As for the composition of the FX Company’s board of directors, the Circular mandates that it comprises an appropriate number of executive and non-executive members. The Circular further requires the complete separation of the responsibilities and roles of an FX Company’s chairman and managing director.
Importantly, the Circular stipulates the responsibilities of the board of directors of the FX Company, and such responsibilities include, but are not limited to, (i) approving the primary goals and directions of the FX Company; and (ii) the appointment of the upper-level management.
By virtue of the Circular, FX Companies are also tasked with establishing an internal audit and risk committee to assume, for example, the responsibility of ensuring that the FX Company complies with its internal rules and regulations.

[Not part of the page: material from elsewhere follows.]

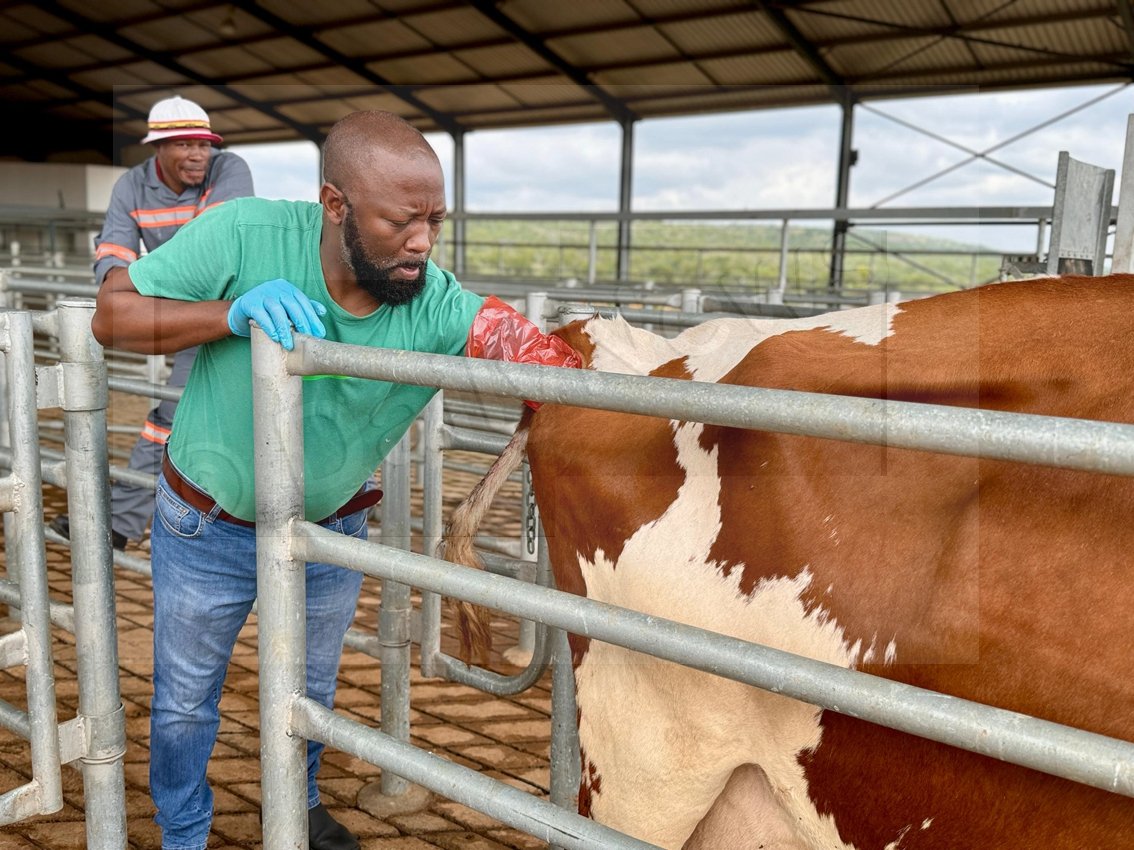 FMD outbreak delays Milk Valley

As outlined in the Circular, FX Companies are obliged to cooperate with the CBE and its officers entirely and, accordingly, are required to, amongst other things, (i) provide the relevant data and documentation that outline the FX Company’s reserves of both foreign currencies as well as EGP; and (ii) provide the CBE, monthly, with the details of the transactions it has concluded.
It is also worth noting that the Circular clarifies the procedures the CBE may take in the event of non-compliance by an FX Company. Such procedures are (i) issuance of warnings; (ii) temporary cessation of activity for no more than a year; (iii) application of a financial penalty which must be proportionate to the non-compliance event; and (iv) the termination of the license.